Intelligence gleaned from analytics becomes even more valuable over time as strategies and tactics are improved for categories of patients, payers and situations versus individual cases. 

At the end of the day, it’s all about customer satisfaction. If you’re short sighted in your problem solving, you will miss opportunities, place blame in the wrong place and never get the best results. 

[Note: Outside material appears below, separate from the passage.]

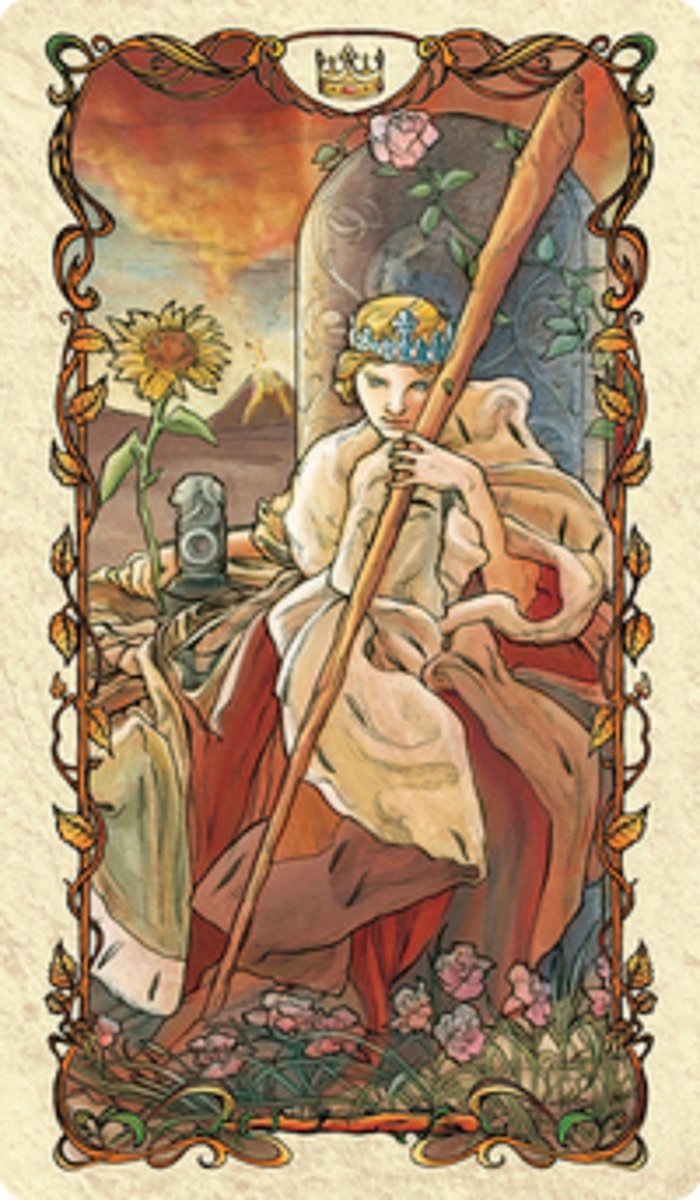 Tarot Mucha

Metrics. Metrics. Metrics.

Success must be measured in order to be achieved. While we’ve always established and monitored KPIs in the healthcare revenue cycle, new benchmarks based on 2020’s impact should be considered. Knowing the plumbline of 2020 as we set new goals for 2021 is an important step. And when teams can’t keep up with volume spikes that may occur during tumultuous times, establishing outsourcing partnerships that can quickly scale is essential. These partners should also be held to metrics and remain accountable for the services they provide.

Go forth and succeed

Disruption from 2020 will get us to where we need to be ten years from now. Trends such as consumerism, the rise in self-pay and changing healthcare policy present huge opportunities to take our processes to the next level. Instead of hanging on to the status quo, 2021 is an ideal time to set new goals, reinvent processes and use technology to enable workflows in the healthcare revenue cycle.

The most valuable strategy for healthcare revenue cycle leaders in 2021 is to avoid letting perfection become the enemy of progress. You’ll be asked to pivot under pressure and snap decisions will be required. Informed rapid response may become your norm and your salvation.